— Aim of the task —
Copy exactly the lines of the material below that fall between the line with "You can get" and the line with "Microsoft Excel 2013", both of those lines included; pictures stay out.

— Data in this exercise —
::::::
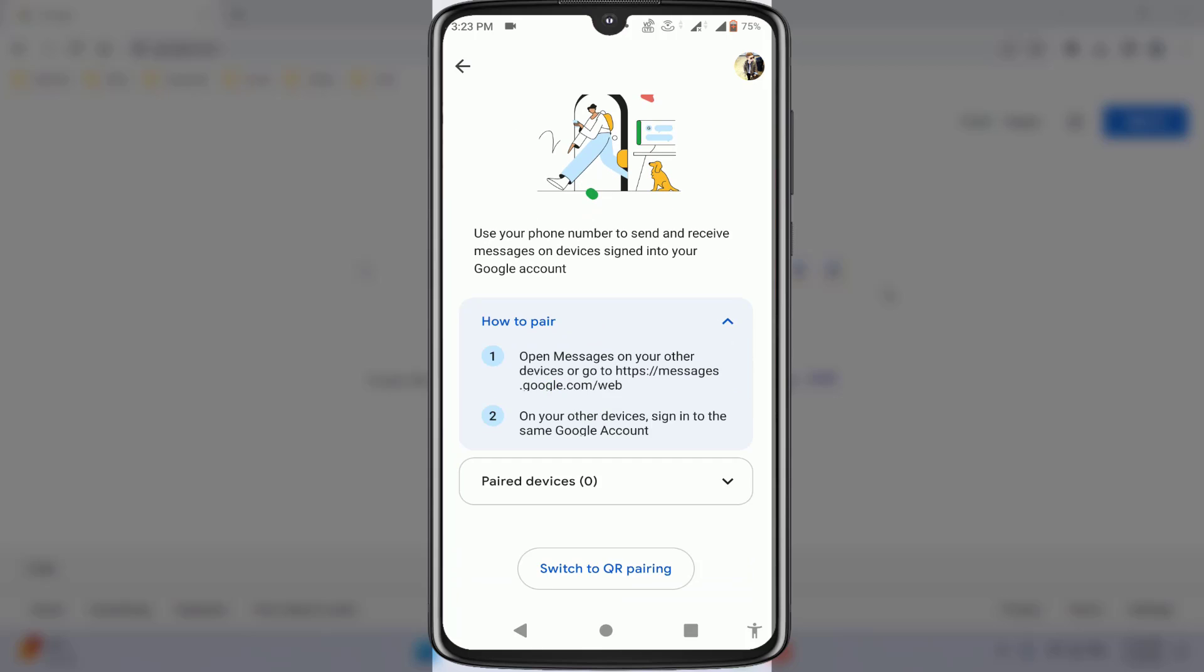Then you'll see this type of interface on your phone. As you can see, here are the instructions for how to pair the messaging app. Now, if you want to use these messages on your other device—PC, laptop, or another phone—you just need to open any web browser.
::::::
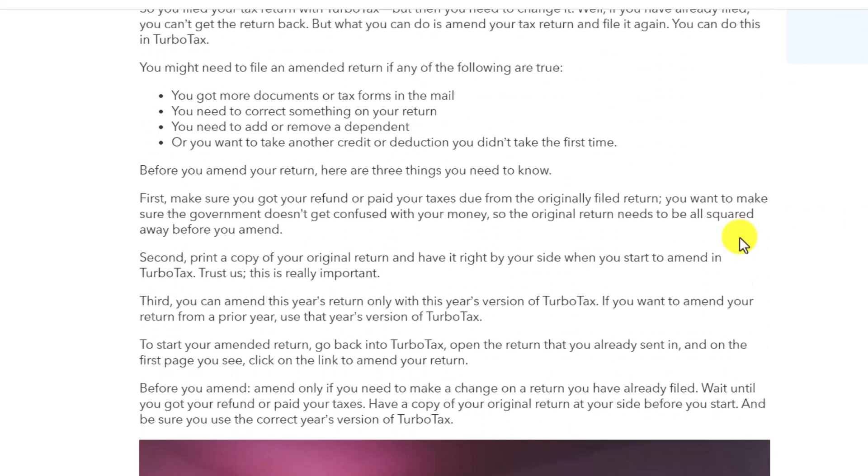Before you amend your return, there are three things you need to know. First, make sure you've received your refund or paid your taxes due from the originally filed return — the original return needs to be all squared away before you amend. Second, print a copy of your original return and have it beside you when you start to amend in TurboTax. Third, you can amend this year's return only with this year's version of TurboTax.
::::::
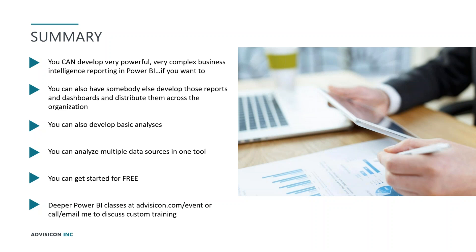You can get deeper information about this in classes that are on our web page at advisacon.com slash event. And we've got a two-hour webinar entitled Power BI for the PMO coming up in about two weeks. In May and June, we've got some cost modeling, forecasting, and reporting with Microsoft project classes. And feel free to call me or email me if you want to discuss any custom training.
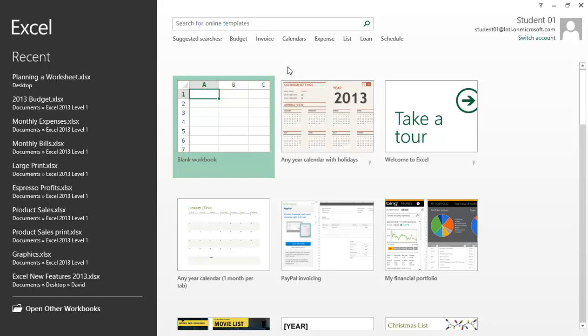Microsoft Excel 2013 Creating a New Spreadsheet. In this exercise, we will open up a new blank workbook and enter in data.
::::::
— Exercise output —
You can get deeper information about this in classes that are on our web page at advisacon.com slash event. And we've got a two-hour webinar entitled Power BI for the PMO coming up in about two weeks. In May and June, we've got some cost modeling, forecasting, and reporting with Microsoft project classes. And feel free to call me or email me if you want to discuss any custom training.
Microsoft Excel 2013 Creating a New Spreadsheet. In this exercise, we will open up a new blank workbook and enter in data.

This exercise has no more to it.